Single by Marillion

from the album Script for a Jester's Tear
- B-side: "Charting the Single"
- Released: 31 January 1983 (UK)
- Recorded: Marquee Studios, London
- Length: 3:30 (7"); 5:05 (12"); 5:24 (album)
- Label: EMI
- Songwriters: Derek Dick, Steve Rothery, Peter Trewavas, Michael Pointer, Mark Kelly, Diz Minnitt & Brian Jelliman
- Producer: Nick Tauber

Marillion singles chronology
| "Market Square Heroes" (1982) | "He Knows You Know" (1983) | "Garden Party" (1983) |

Audio sample
- He Knows You Knowfile; help;

= He Knows You Know =

1983 single by Marillion

"He Knows You Know" is a song by the British neo-prog band Marillion. It was their second single, with "Charting the Single" as the B-side. It was released from their first album, Script for a Jester's Tear, and peaked at number 35 on the UK Singles Chart. The song's theme is drug abuse, and alludes particularly to intravenous drug use. In concert, lead vocalist Fish would often introduce it as "The Drug Song" and state that it was inspired by drug use while he was working at the Job/Benefits centre in Aylesbury.

As with all Marillion songs during this period, the lyrics were written by Fish. The music video for this song features Fish struggling in a straitjacket having visions of a Jackson's chameleon as featured on the album artwork of Marillion's first three albums.

"He Knows You Know" is the only 12-inch single from Marillion's first three albums that was never produced as a picture disc.
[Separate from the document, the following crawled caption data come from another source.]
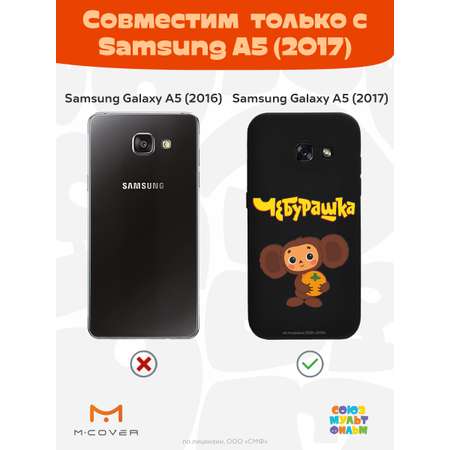 Силиконовый чехол Mcover для смартфона Samsung A5 (2017) Союзмультфильм Друг детства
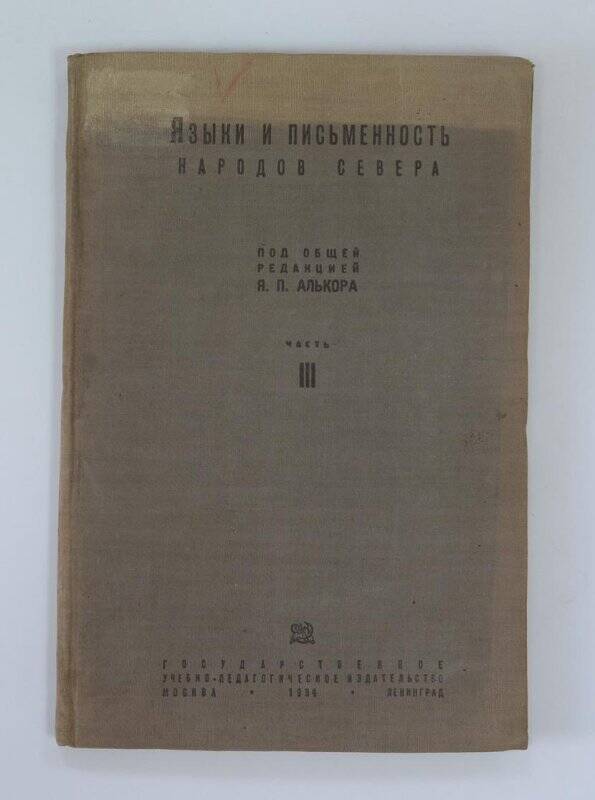 Языки и письменность народов Севера. Часть 111. М., -Л., 1934г.
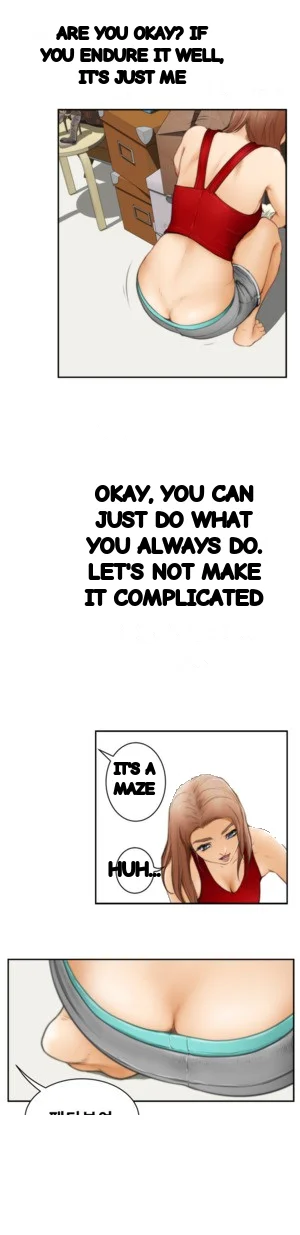 H Mate Chapter 12 - Page 12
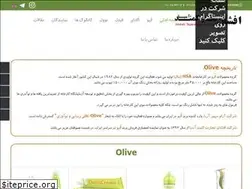 Sites similar to olive-co.com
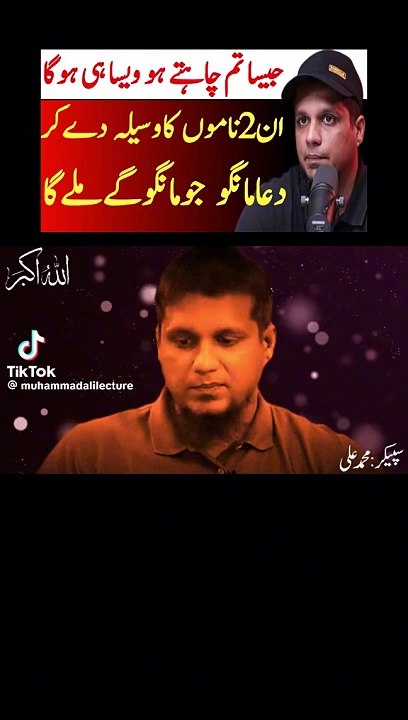#islamic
The song was supposed to be performed live on Top of the Pops in 1983, but as Fish explains during the concert recorded for Recital of the Script, this never happened. However, a live version was later recorded for the BBC Oxford Road Show.

A CD replica of the single was also part of a collectors' box-set released in July 2000, which contained Marillion's first twelve singles and was re-issued as a 3-CD set in 2009 (see The Singles '82-'88).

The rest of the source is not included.